Set down the lines below, exactly, starting at the one that contains "NeoGenesis PDO Mono" and stopping at the last line, inclusive. Omit pictures.
----
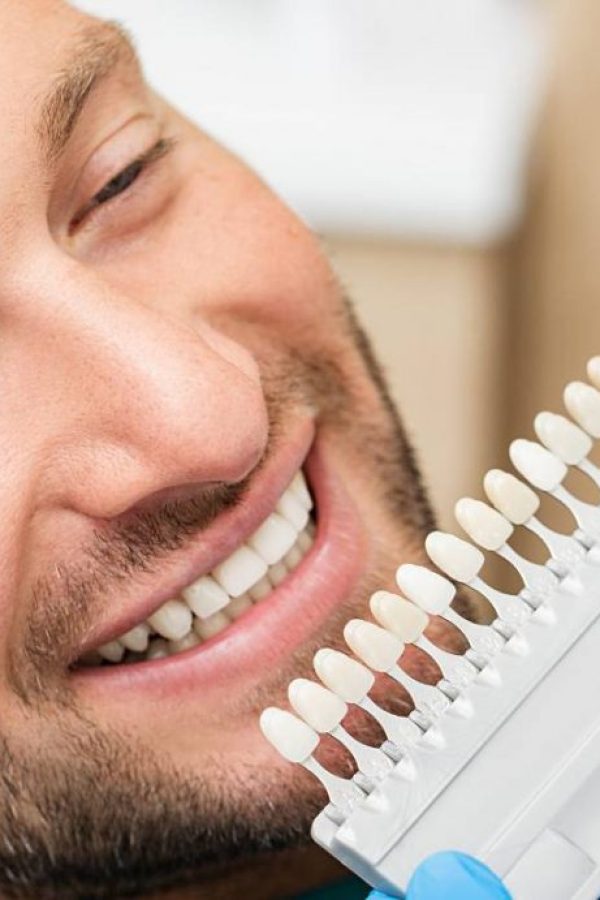 implante-dentario-1-scaled-1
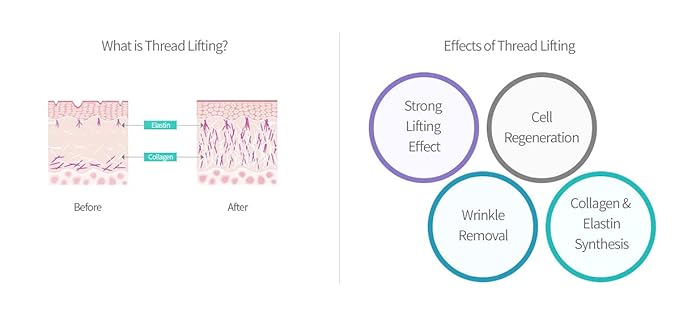 NeoGenesis PDO Mono Threads for Face and Body Lift 20PCS (31G X 12mm) (M3112)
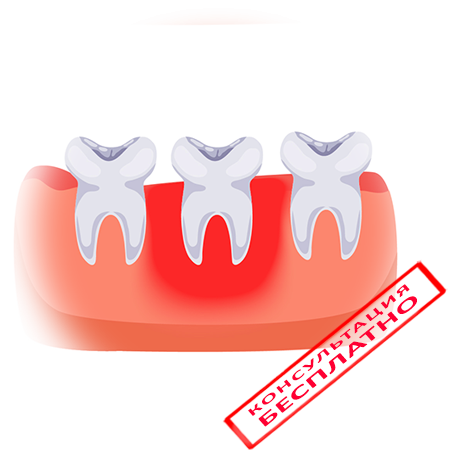 Почему десна отошла от зуба и что с этим делать | Лесной Бальзам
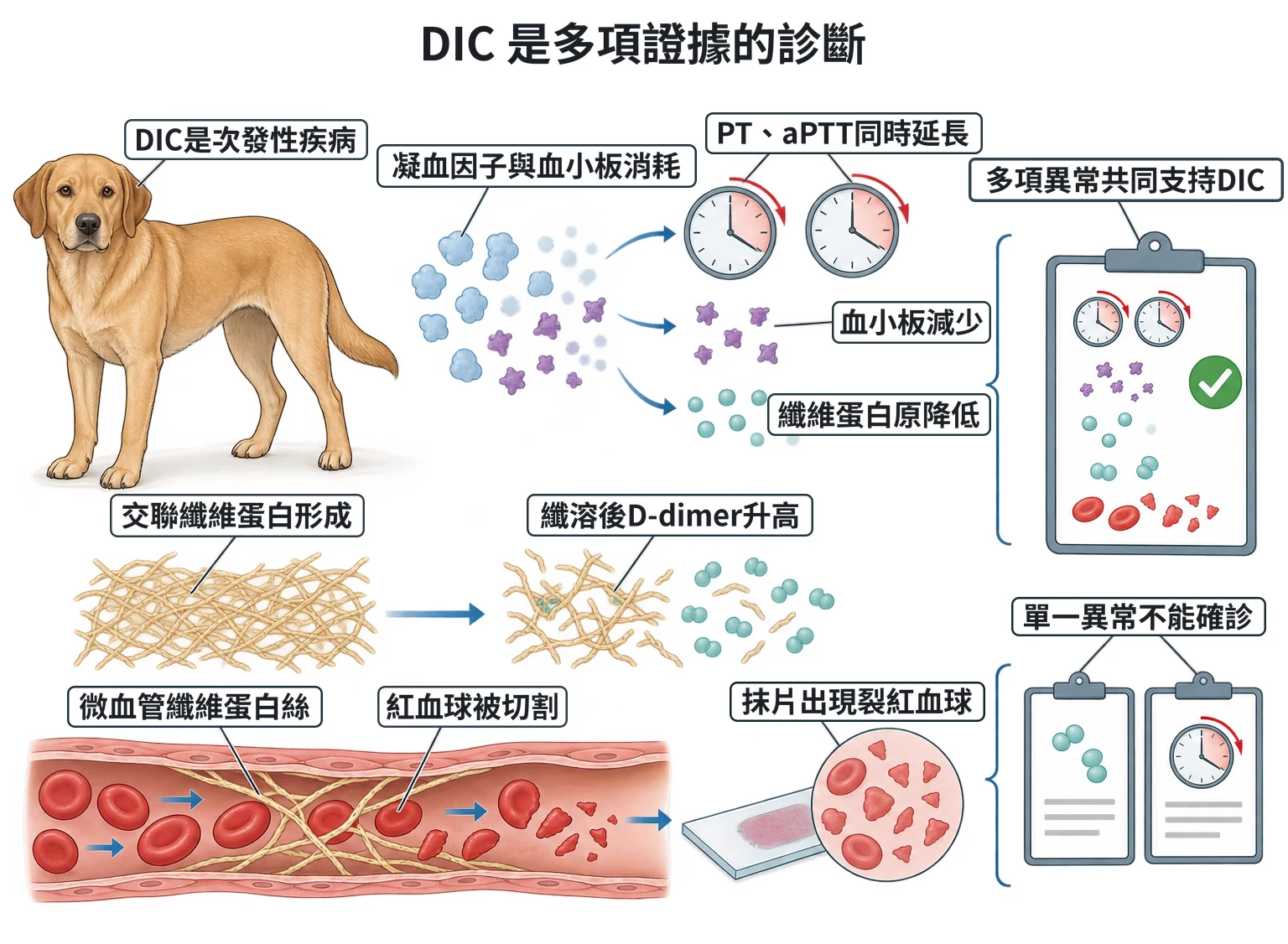DIC 是多項證據的診斷教學插圖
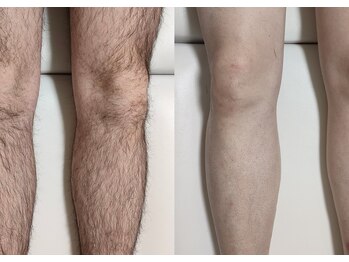 エムスリー(m3)/脚脱毛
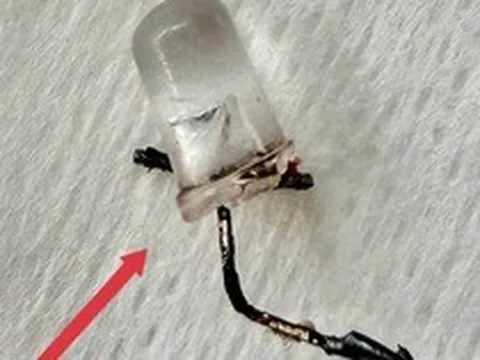 Bác sĩ thót tim gắp đèn LED nằm trong phế quản bé 9 tháng tuổi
----
▶ [The completed task]:
 NeoGenesis PDO Mono Threads for Face and Body Lift 20PCS (31G X 12mm) (M3112)
 Почему десна отошла от зуба и что с этим делать | Лесной Бальзам
DIC 是多項證據的診斷教學插圖
 エムスリー(m3)/脚脱毛
 Bác sĩ thót tim gắp đèn LED nằm trong phế quản bé 9 tháng tuổi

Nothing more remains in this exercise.